Skip to main content
ExLibris
  • Subscribe by RSS
  • Ex Libris Knowledge Center

    Search Configurations for Different Languages

    Translatable
    When using the Alma repository search (or when searching users, purchase requests, and fulfillment requests), you can search for special characters and characters with diacritics. Search language configuration (set by Ex Libris) is available in Alma for the below languages. For most of these languages, Alma uses the standard implementation for working with special characters.
    • Alma's handling of special characters is relevant for searching in the institution zone only.
    • Only one language for special characters search can be defined.
    Normalization for the languages listed below is specific to text fields, such as title and author. Normalization is not done for numeric fields or fields that contain a normalized value, such as a call number.

    German Characters

    When your system is configured for German as the default searching language, German language characters are treated by the system as follows:
    German Language Character/Character Combinations Stored in the Alma Database
    ß ss
    ä, Ä ae
    ö, Ö oe
    ü, Ü ue
    ae ae
    oe oe
    ue (when not following a vowel or q) ue
    With your system configured for German as the default language and the special German language characters stored in the system as identified in the above table, you can search using the special umlaut and Eszett characters or the extended Latin version of these characters (as shown in the second column above) and results will be treated equally. So, for example, if you search for Müller, the system will return results for both Müller and Mueller, but not Muller.
    For systems whose default language is not German, a search for Müller will return search results for Müller and Muller but not Mueller.
    When your institution (and Network Zone, if you are working with one) is configured for German as the default searching language, this standard German language special character search capability is available in the Institution Zone, Network Zone, and Community Zone.
    For institutions that have German configured as the default searching language, the repository search results, user search results, and fulfillment request search results are sorted using the DIN 5007-1/2, section 6.1.1.4.1/2 standard. In addition to consideration for the special German language characters, hyphens are ignored when search results are sorted.
    When sorting bibliographic and authority headings content, Alma removes dashes for sorting purposes in institutions that have the searching language parameter set to German.
    When you use the Alma Browse Bibliographic Headings feature, the same sorting standard (DIN 5007-1/2, section 6.1.1.4.1/2) is used to sort the bibliographic headings. See Browsing Bibliographic Headings for more information.

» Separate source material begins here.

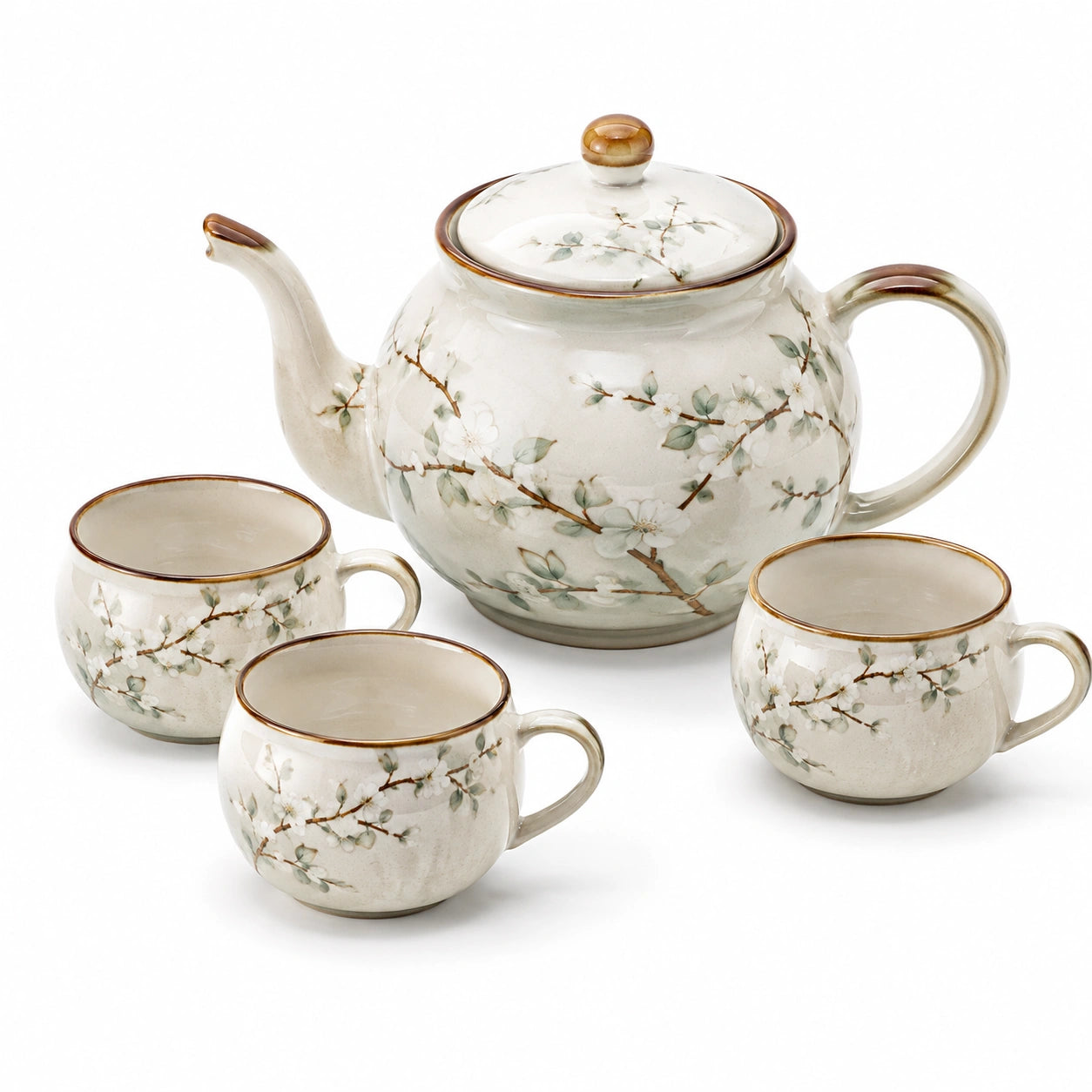 Servizio da tè in ceramica 4 pezzi beige con motivo floreale per 3 persone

    Spanish and Catalan Characters

    When your system is configured for Spanish as the default searching language (set by Ex Libris), special Spanish language characters are treated as fully independent letters for repository search, browse bibliographic headings/F3, and sort. Standard English characters are not substituted for the special Spanish characters. The following table describes how Alma handles special Spanish characters:
    Letter Search Sort
    Ñ/ñ Searching for Ñ/ñ does not retrieve results for N/n and vice versa. Sorted after n.
    Ç/ç Searching for Ç/ç does not retrieve results of C/c and vice versa. Sorted after c.
    L·L/l·l Searched for as if it were the digraph ll. Sorted as ll.
    Diacritics are sorted in the following order:
    • Without diacritics
    • Acute
    • Grave
    • Dieresis

    Scandinavian Characters (Swedish, Norwegian, Danish)

    Alma normalizes the interchangeable Scandinavian characters æ Æ ä Ä ö Ö ø Ø and folded variants (aa, ao, ae, oe and oo) by transforming them to æ Æ å Å ø Ø.

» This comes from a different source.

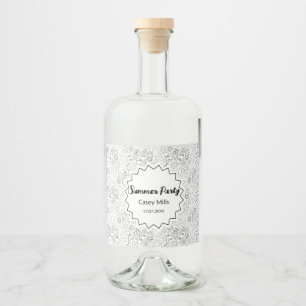 Etiqueta Para Botella De Licor Baya de fresa de cereza negra dibujada a mano Mode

    Special characters cataloged in non-Scandinavian languages (such as French letters with accents), are normalized during indexing. This means that a search for a term including these special characters now behaves as if the search was done without them. (However, the opposite does not happen: a search for a term without these special characters is not treated as if done with these special characters.) The below table includes the rules for all characters with diacritics for customers of Scandinavian characters:

    Language Upper case Lower case Folded variant The character (in Upper/Lower) is searchable with the following formulas:
    Swedish Å å Aa/aa Å/å/Aa/aa
    Ä ä Ae/ae Ä/Ae/ä/ae
    Ö ö Oe/oe Ø/Ö/Oe/ø/ö/oe
    Æ æ Ae/ae Æ/æ/Ae/ae
    Ø ø Oe/oe Ø/Ö/Oe/ø/ö/oe
    Other accents (e.g È) Other accents (e.g è) Base characters (e.g. E/e) Base characters (e.g. E/e)

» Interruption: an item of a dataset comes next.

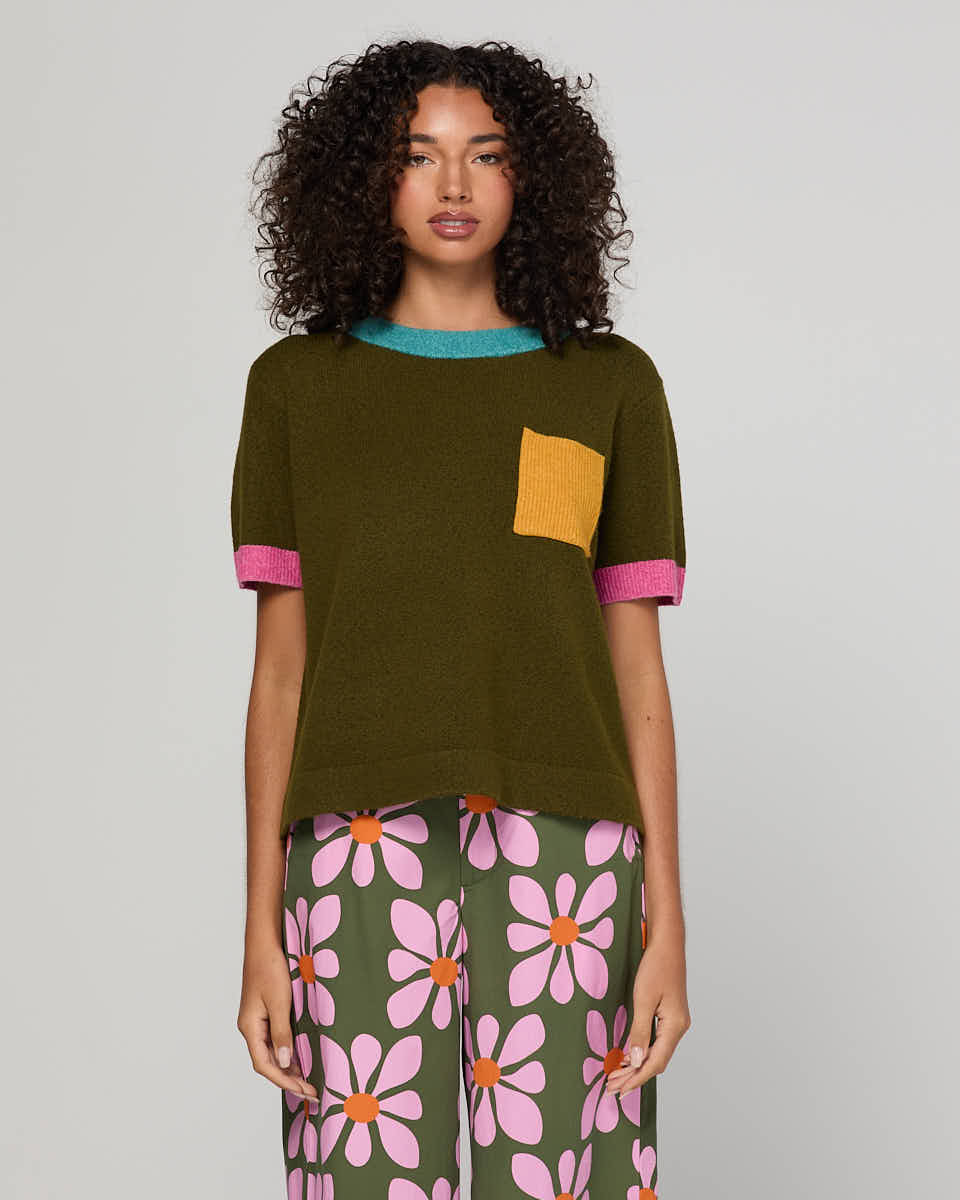 Poet Tee - Khaki Multi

    For example: Ö is searchable with Oe, but Oe is not searchable with Ö [Ö and Oe are not equivalent]. This means that a search for the term Edgar Allan Poe will return results for Edgar Allan Pö, but not the opposite: search for the term Pötry does not return results for Poetry.

    Norwegian/Danish Å å Aa/aa

    Å/Aa/å/aa 

    Exception: Å/å is equivalent to Aa/aa, and they are searchable interchangeably. A search for Aalborg returns results for Ålborg, and search for Ålborg returns results for Aalborg as well.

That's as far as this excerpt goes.